Fast Deep Feature Synthesis for tabular data
Project description
FastDFS - Deep Feature Synthesis for Tabular Data
FastDFS is a Python library for automated feature engineering using Deep Feature Synthesis (DFS). It augments target dataframes with rich features derived from relational database structures, making it easy to create powerful features for machine learning without manual feature engineering.
Core Concept
FastDFS treats feature engineering as a table augmentation process: given any target dataframe and a relational database (RDB) containing related tables, it automatically generates new features by aggregating information across relationships.
# Your target dataframe (what you want to predict on)
target_df = pd.DataFrame({
"user_id": [1, 2, 3],
"item_id": [100, 200, 300],
"interaction_time": ["2024-01-01", "2024-01-02", "2024-01-03"]
})
# Your relational database (context for feature generation)
rdb = fastdfs.load_rdb("ecommerce_data/") # Contains user, item, interaction tables
# Generate features automatically
enriched_df = fastdfs.compute_dfs_features(
rdb=rdb,
target_dataframe=target_df,
key_mappings={"user_id": "user.user_id", "item_id": "item.item_id"},
cutoff_time_column="interaction_time"
)
# Result: Original columns + 50+ new features like user_avg_rating, item_count_purchases, etc.
Installation
pip install fastdfs
Or for development:
git clone https://github.com/dglai/fastdfs.git
cd fastdfs
pip install -e .
Quick Start
1. Prepare Your Data
FastDFS provides multiple ways to prepare your relational data.
Option A: Create from DataFrames (Recommended)
You can create an RDB directly from pandas DataFrames.
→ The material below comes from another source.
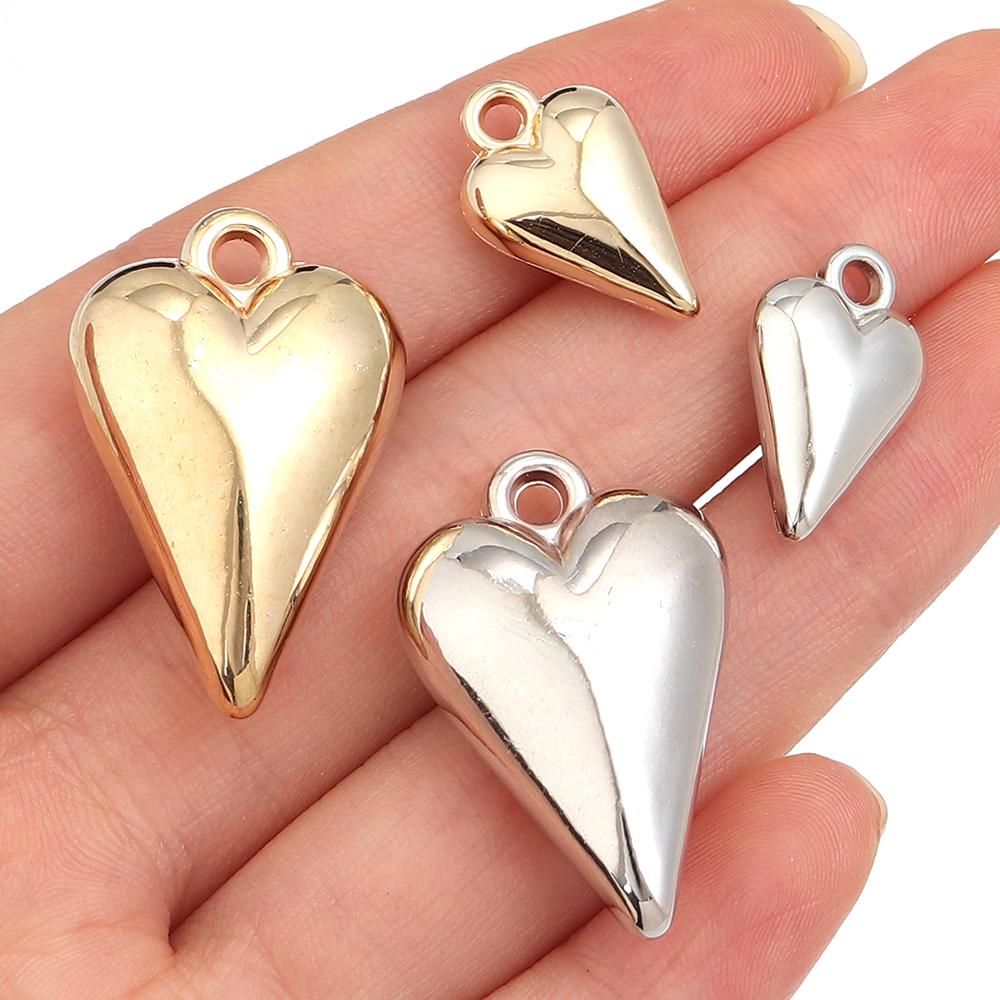 10-20pcs Heart Shape CCB Charms Plastic Charms Pendants For Jewelry Making DIY Handmade Necklace Bracelet Earrings Accessories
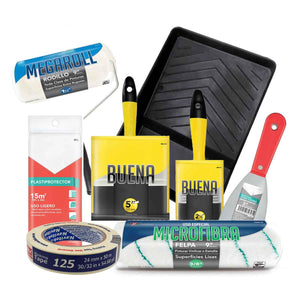 Kit Para Pintar Completo Con Brochas Rodillo Charola Y Mas BYP Ferreabasto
FastDFS will automatically infer the schema.
import fastdfs
import pandas as pd
# 1. Define your tables
users_df = pd.DataFrame(...)
items_df = pd.DataFrame(...)
interactions_df = pd.DataFrame(...)
# 2. Create RDB with relationships
rdb = fastdfs.create_rdb(
name="ecommerce",
tables={
"user": users_df,
"item": items_df,
"interaction": interactions_df
},
primary_keys={
"user": "user_id",
"item": "item_id"
},
foreign_keys=[
("interaction", "user_id", "user", "user_id"),
("interaction", "item_id", "item", "item_id")
],
time_columns={
"interaction": "timestamp"
}
)
# 3. Save for later use
rdb.save("ecommerce_rdb/")
# 4. Load it back
rdb = fastdfs.load_rdb("ecommerce_rdb/")
Option B: Adapt Existing Datasets
FastDFS includes adapters for popular relational dataset benchmarks.
RelBench
from fastdfs.adapter.relbench import RelBenchAdapter
# Load and convert RelBench dataset
adapter = RelBenchAdapter("rel-stack")
rdb = adapter.load()
rdb.save("rel-stack-rdb/")
DBInfer
from fastdfs.adapter.dbinfer import DBInferAdapter
# Load and convert DBInfer dataset
adapter = DBInferAdapter("diginetica")
rdb = adapter.load()
rdb.save("diginetica-rdb/")
Option C: Load from Relational Database
FastDFS supports loading data directly from SQL databases (SQLite, MySQL, PostgreSQL, DuckDB).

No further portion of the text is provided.